September 25, 2016

Mission accomplished — that was the message Vladimir Putin had for the organisers of the recent Duma elections when final results were announced last Friday.

According to the president, the polls were a triumph for United Russia — the party whose raison d’être is to support Mr Putin — and for democracy at the same time. “Our country and our political system will be stable to the extent to which we can ensure the legitimacy of the electoral process,” Mr Putin said. “The results have been recognised as objective and legitimate by the overwhelming majority of participants and observers and, most importantly, by Russian society.”

However, not all is what it seems in Russian democracy. While UR gained 76 per cent of seats in the new lower house of parliament, making things easier than ever for the Kremlin, Mr Putin has reason to worry about the longer-term future of his rule.

Here is why. Despite the ruling party’s apparent victory, its support is eroding. Ever larger parts of the population are switching off politics, leaving Mr Putin reliant on a shrinking core of diehard backers.

Dmitry Oreshkin, a political analyst who heads an alliance of non-governmental election observers, believes that only 15 per cent of the electorate voted for UR, an estimate based on the assumption of widespread electoral fraud.

Although UR’s share of the vote jumped to 54 per cent from 49 per cent five years ago, it was on the back of a record-low turnout.
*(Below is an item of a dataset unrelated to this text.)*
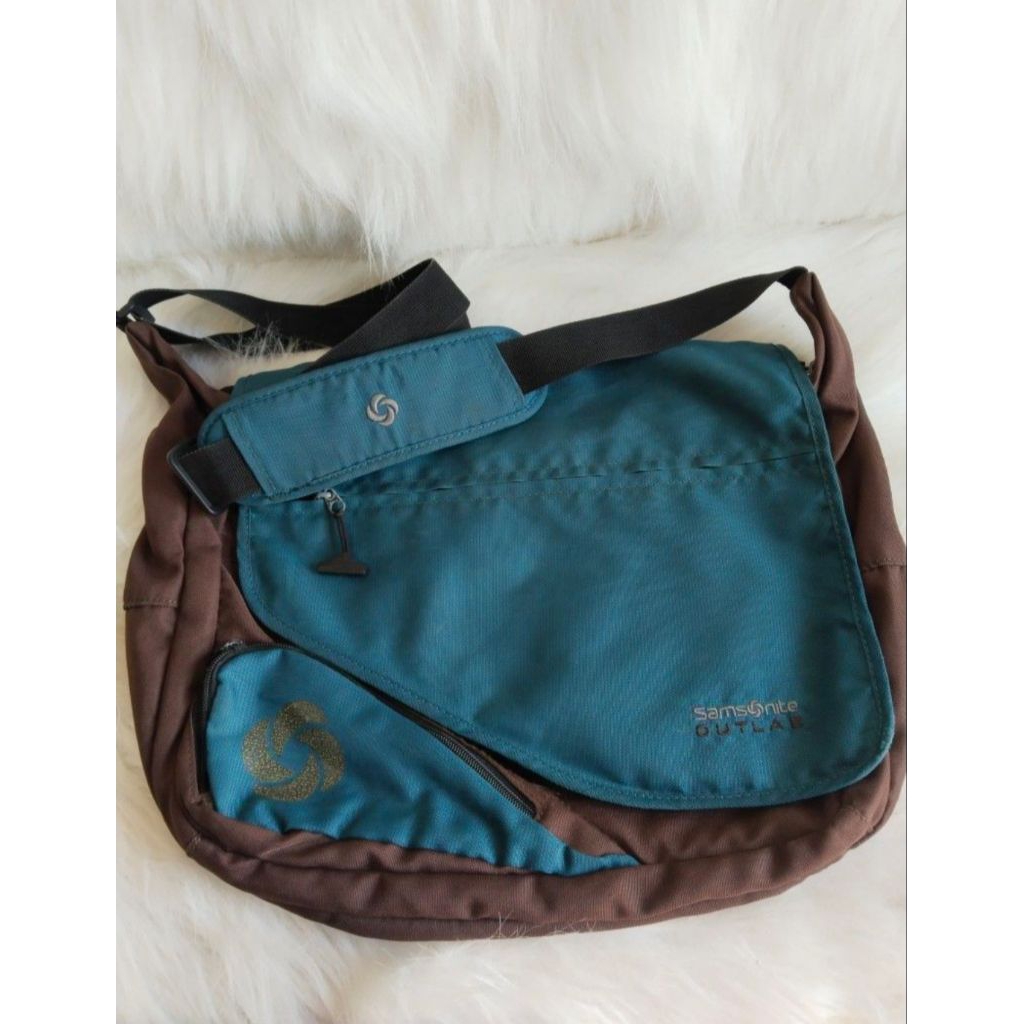 Preloved Tas sling Pria Samsonite , jejak pakai normal, tidak ada turun warna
In absolute numbers, the ruling party’s vote tally dropped by 4m to 28.4m since the last election.

What is more, over one-third of the ruling party’s votes appear to have been cast in the dark corners of the Russian electoral system: UR achieved its strongest results in more authoritarian regions that recorded drastically higher turnout figures but had far fewer observers and video surveillance than in other parts of the country.

Part of this “cluster of special electoral regimes”, as Mr Oreshkin calls it, is the North Caucasus with more than 4m voters. Six of its republics reported turnout above 80 per cent. Five of them recorded UR’s share of the vote as above 70 per cent, with two above 80 per cent. In Chechnya UR won 96 per cent at a turnout of 95 per cent — a claim independent observers dismiss as outright fiction.
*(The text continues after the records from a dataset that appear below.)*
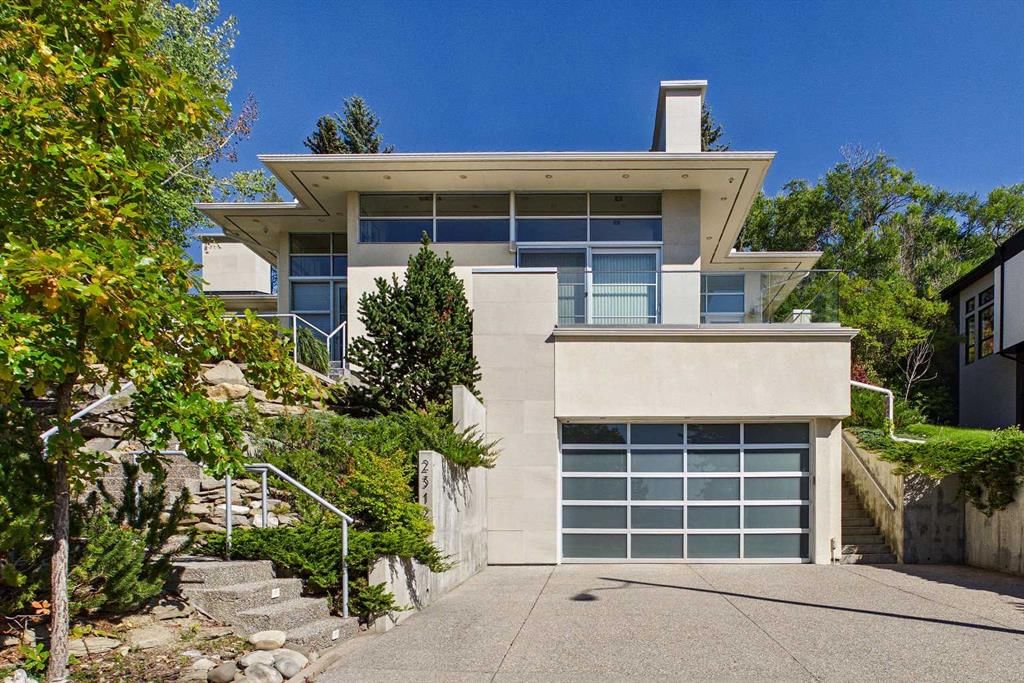 2312 Juniper Road NW, Calgary — photo 2 of 47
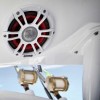 Caisson de basse Fusion Signature Serie 3i Sport à led blanc allumé en rouge installé sur bateau - N°10 - comptoirnautique.com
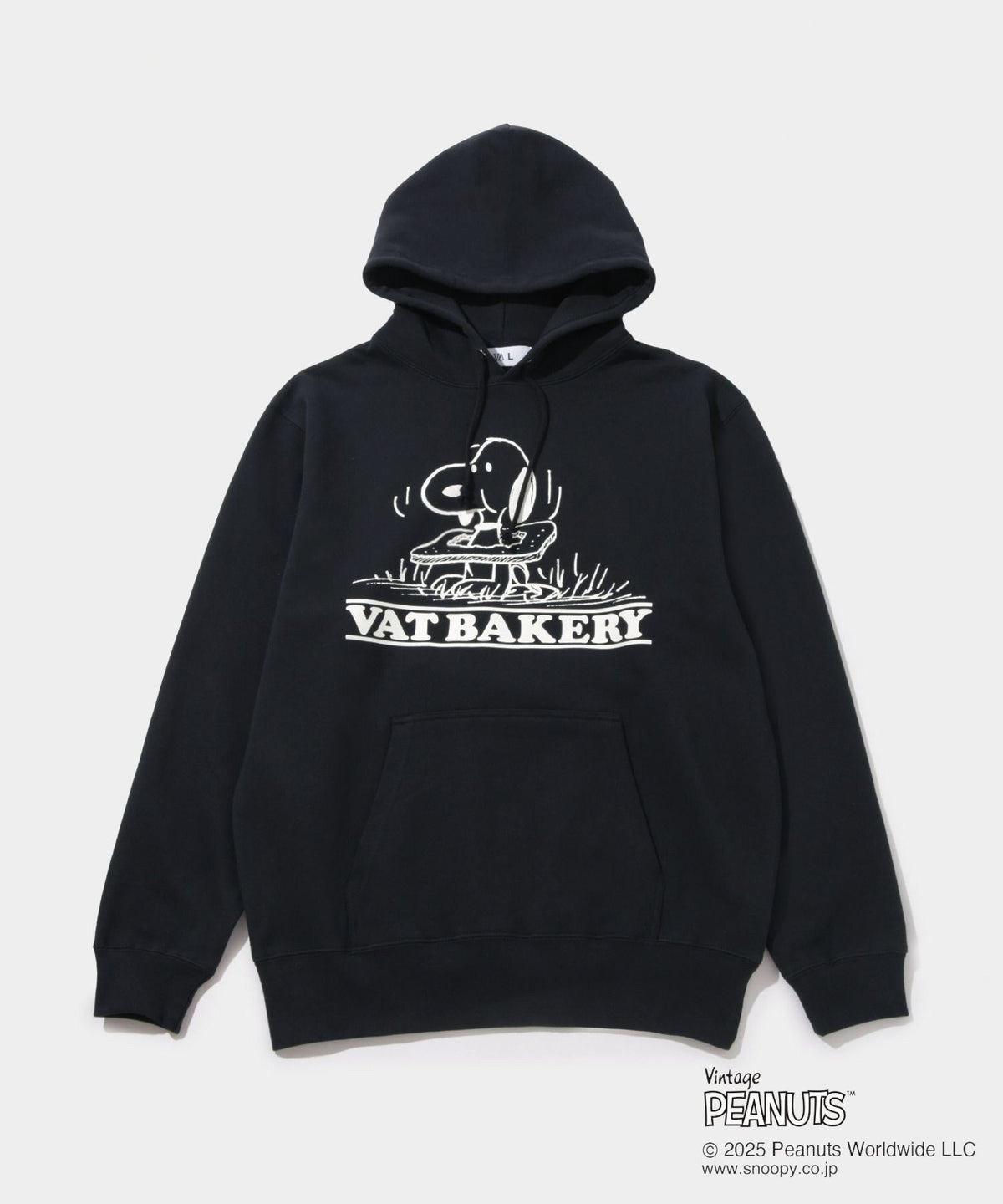VAT BAKERY PEANUTS Hoodie- V.A. ONLINE STORE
Other areas with extremely high turnout, very strong results for UR or both include the southern Siberian regions of Kemerovo and Tuva, Tatarstan, Mordovia, Bashkortostan and the Saratov region, home of Vyacheslav Volodin, Mr Putin’s deputy chief of staff and future Duma speaker.

The rest of the country looks different: in most of central and north-west Russia, Siberia and the Far East — including Moscow, St Petersburg and most other large cities — more than 60 per cent of voters stayed home, and the ruling party’s share of the vote rarely exceeded 40 per cent.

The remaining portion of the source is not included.